Sean Loken, a sophomore from Wishek High School, demonstrates Friday how a solar powered device he created will move and follow the sun, or in this case, a light source. (John M. Steiner / The Sun)

Sean Loken, a sophomore at Wishek High School, had a display of small solar engines set up Friday at the 58th Annual Southeast Central Regional Science and Engineering Fair in Jamestown.

Loken said he has been working on developing small solar engines since seventh grade and has presented his project at the science and engineering fair each year since.

“The goal of this project is to find a solar engine powerful enough to run appliances in places where electricity isn’t readily available,” he said.
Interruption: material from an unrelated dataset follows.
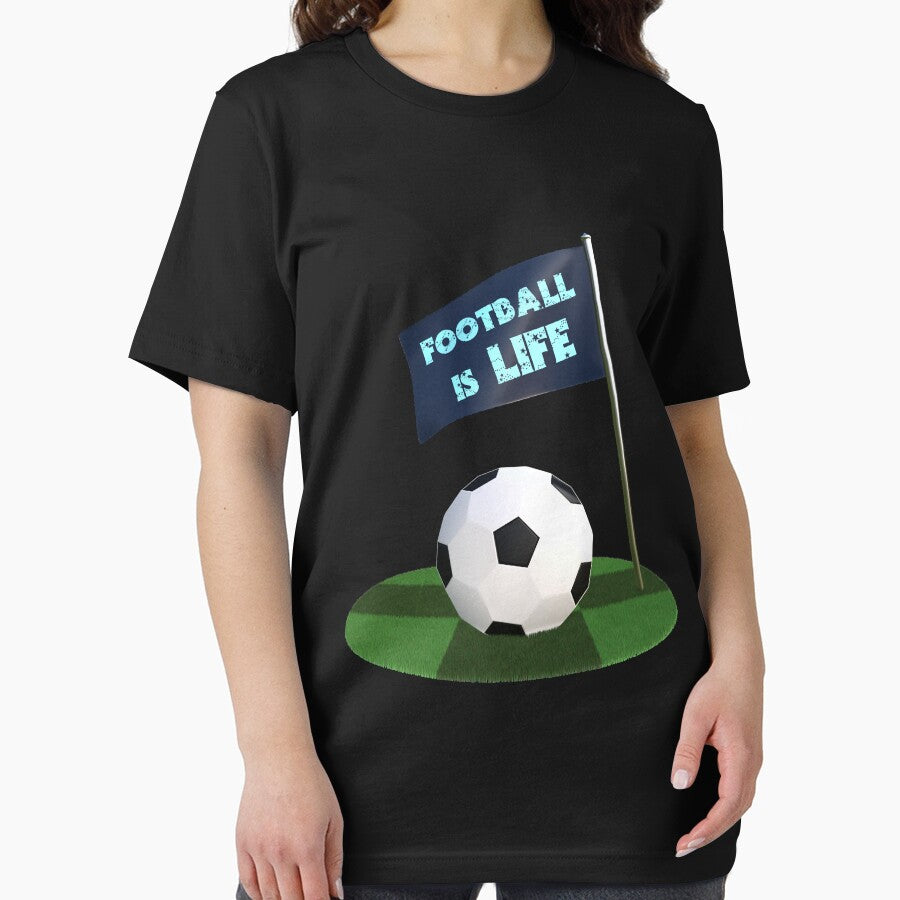 Football is Life by CGShirts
He said these solar engines could be used to run items like water pumps and maybe even small refrigerators.

Loken’s solar engine display was one of the 105 project displays that students, grades 6-12, from Ashley, Ellendale, Kidder County and Wishek put together for the fair. All of the displays were reviewed by judges from all walks of life. The top 16 projects from the junior and senior high divisions will advance to the North Dakota State Science and Engineering Fair in Grand Forks on April 3-4.

Loken said his older brother started working on a solar project and that is what inspired him to do his solar engine project.

“My dad (James Loken) helped me out quite a bit,” Loken said.

Morgan Schnabel, an eighth-grade student from Wishek Public Schools, said her project was to determine if magnets have an effect on the rate of water flow.

“I used 200 milliliters of salted and nonsalted water,” she said. Schnabel used two different-sized magnets with different levels of magnetic force.

Her hypothesis was that the salted water would flow faster over the larger, more powerful magnet.

“What I found was the nonsalt solution water ran faster over both magnets,” Schnabel said.

This was Schnabel’s second year at the science and engineering fair. Last year her project was finding the fastest method for cooling down a can of pop.

“Use a mixture of ice, water and salt. That is the fastest way,” she said.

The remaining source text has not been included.